The trial of the case, as fixed by the court, will begin on August 23.
The progress in the murder case in another Dhaka court is not satisfactory. The court has fixed July 18 to hold hearing on charge framing against Rana and 40 others.
This case couldn't make much progress, mainly because of the labour ministry's stance to protect its three officials from being charged with murder.
The ministry initially didn't give permission to try the officials. The trial court on several occasions had expressed dissatisfaction at the ministry's dilly-dallying in giving permission.
Three officials -- Deputy Chief Inspector (mills & factories) Jamsedur Rahman, and inspectors (engineering) Yusuf Ali and Shahidul Islam -- were held responsible for neglecting their duties. They were legally bound to inspect the factories at Rana Plaza.
The ministry sided with the officials from the very outset.
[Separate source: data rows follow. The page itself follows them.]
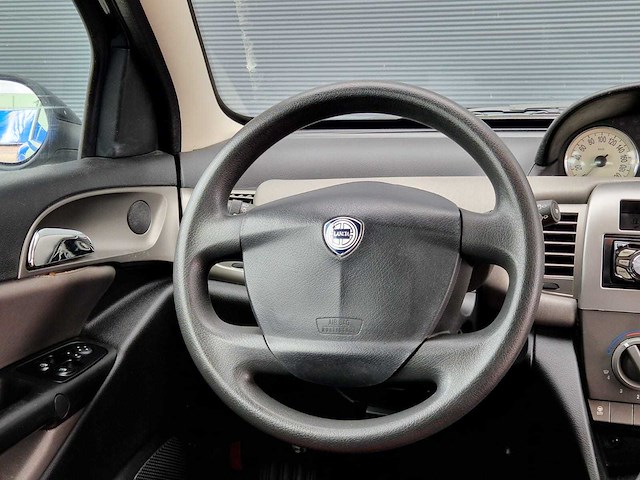 Lancia - 2005 - ypsilon - 1.2-16v oro - 79-rt-zg - afbeelding 6 van  20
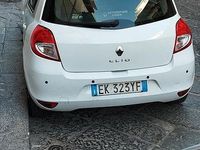 Usata Renault Clio III 75 CV (55 kW) 2012 Bianco Utilitaria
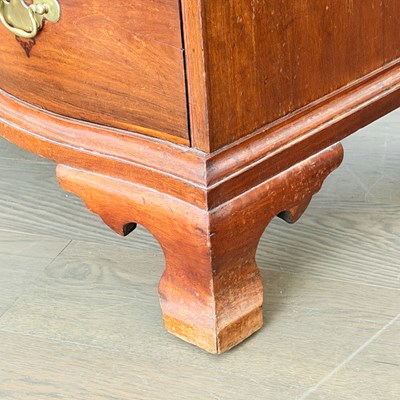 Lot 1089 - Chippendale Mahogany Serpentine Chest of Drawers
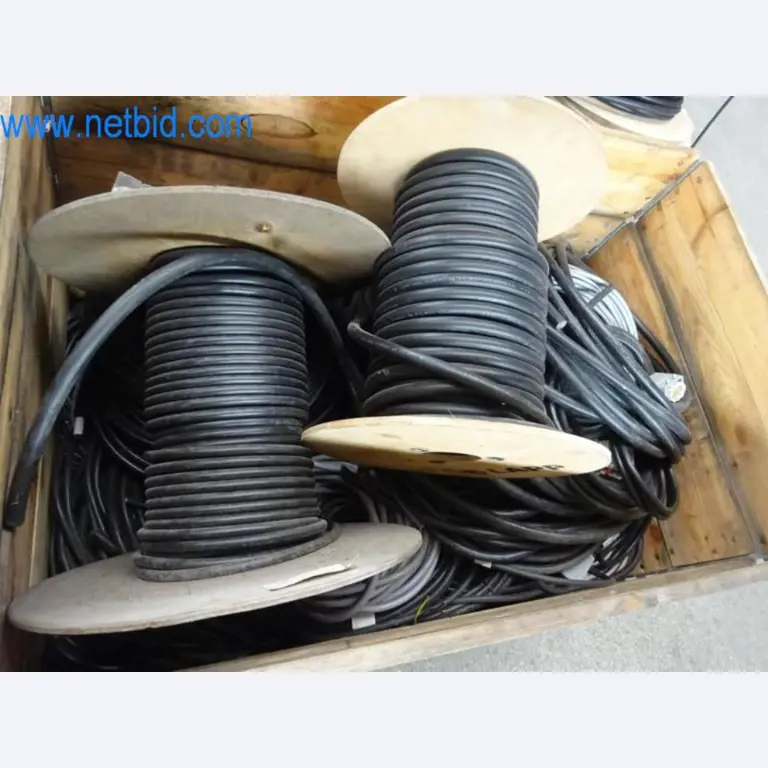 Stroje, vozový park a provozní zařízení-5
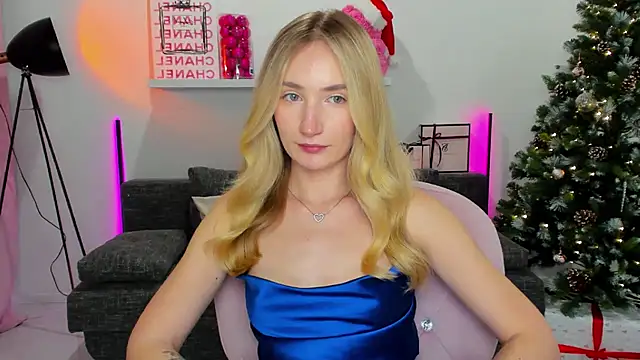 bella  rose online show from December 2024 07:30:02 PM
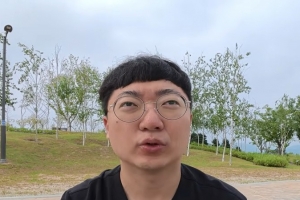 기사로 이동 - “제가 욕심이 있었나봐요” 충주맨, 걸그룹 논란 끝에 MC 하차 선언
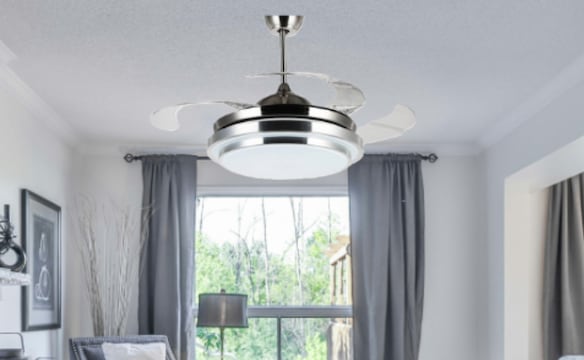 Compra aquí: Ventilador de techo con lámpara Megaluz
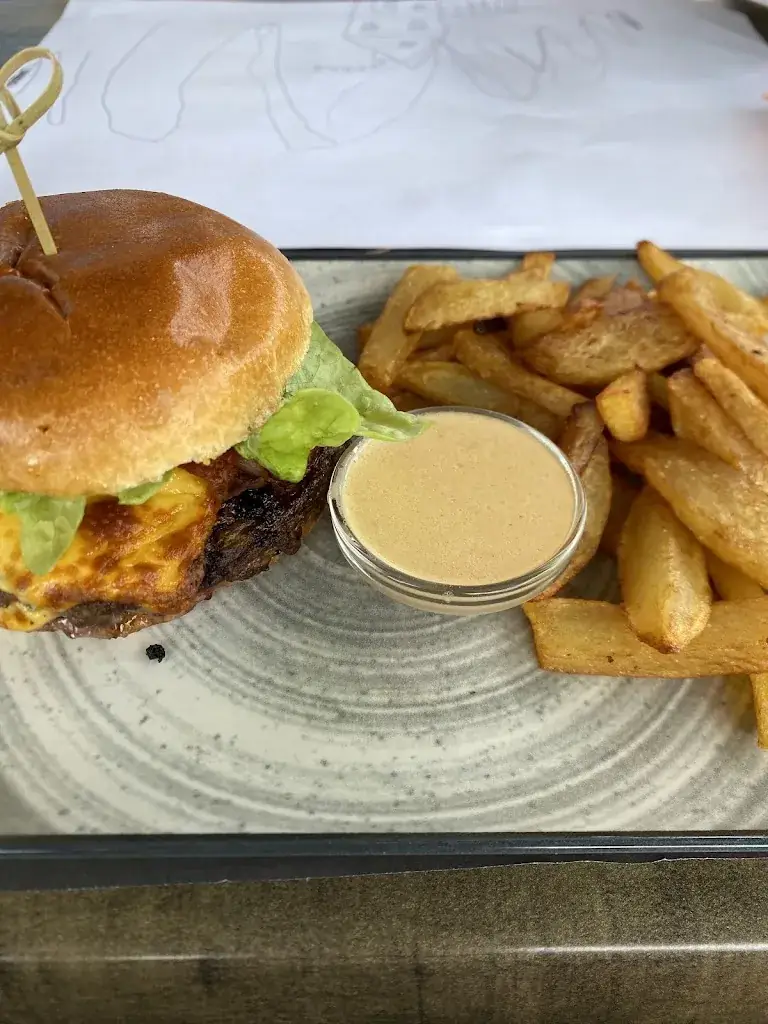 Dark_la C'antina_Pinon_review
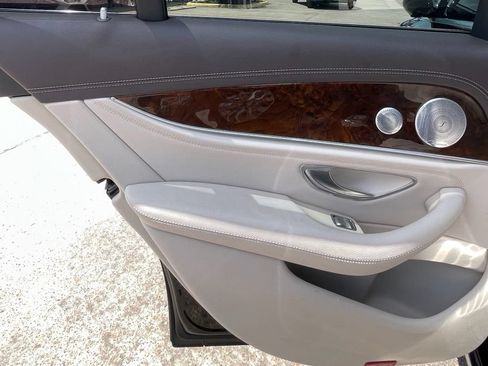 Used 2018 Mercedes-Benz E 300 4MATIC w/ Premium 1 Package image 33
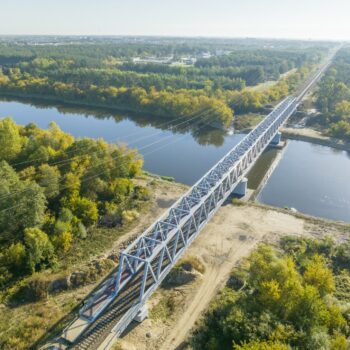 Zdjęcie: jesienne ujęcie na most nad Narwią.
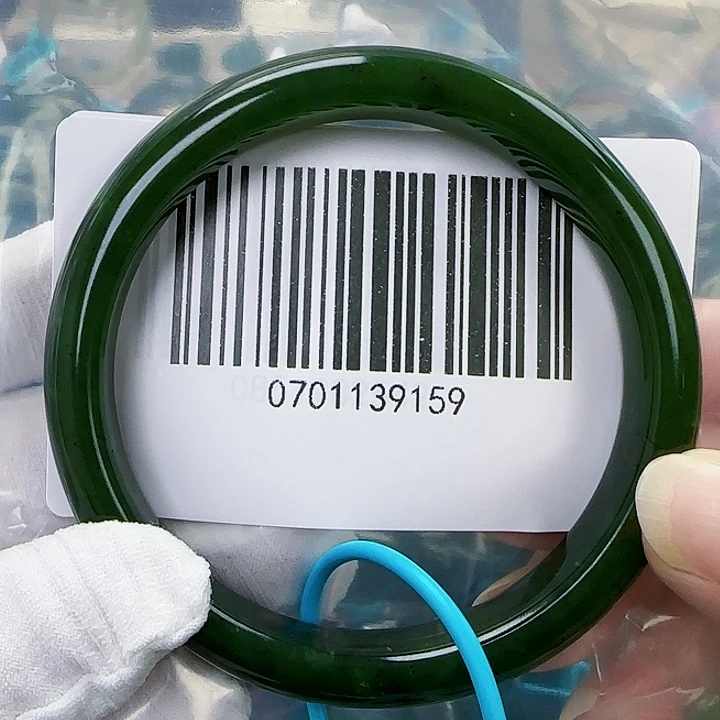 和田玉未镶嵌手镯包容6263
Nothing seemed to convince the ministry to change its mind. All along it made efforts to protect the three, thanks to the existing legal provision that says a court can't take cognisance of a criminal case to try government officials without prior permission from the government.
The persistent refusal by the ministry delayed the submission of the charge sheet in the murder case. The IO informed the court about the matter. Finally, the court in December last year had to use its inherent powers to include the three officials in the charge sheet.
It might take a long time to deliver justice in the cases as there are many witnesses. After the delivery of verdicts by the trial courts, the convicts would file appeals with the High Court against their convictions.
They would also be exercising their right to file appeals with the Appellate Division of the Supreme Court if they wanted to. This would take more time to complete the trial.
If the accused are found guilty of flouting the building code, they might be sentenced to maximum seven years behind bars each.
The long delay in beginning the trial has already generated the fear that the victims would be deprived of justice. This fear would be getting stronger due to the culture of impunity. The aphorism -- justice delayed, justice denied -- has been popular in Bangladesh, thanks to the culture of impunity.
And the role of the labour ministry is also condemnable. The ministry has proved that it is for the officials, not for the poverty-stricken workers. This attitude mocks the ministry's vision and mission to work for the workers' welfare.
It seems the death of over 1,100 garment workers failed to shake the conscience of the labour ministry high-ups. Such an inaction and inertia in a $25b money-spinning sector is unpalatable.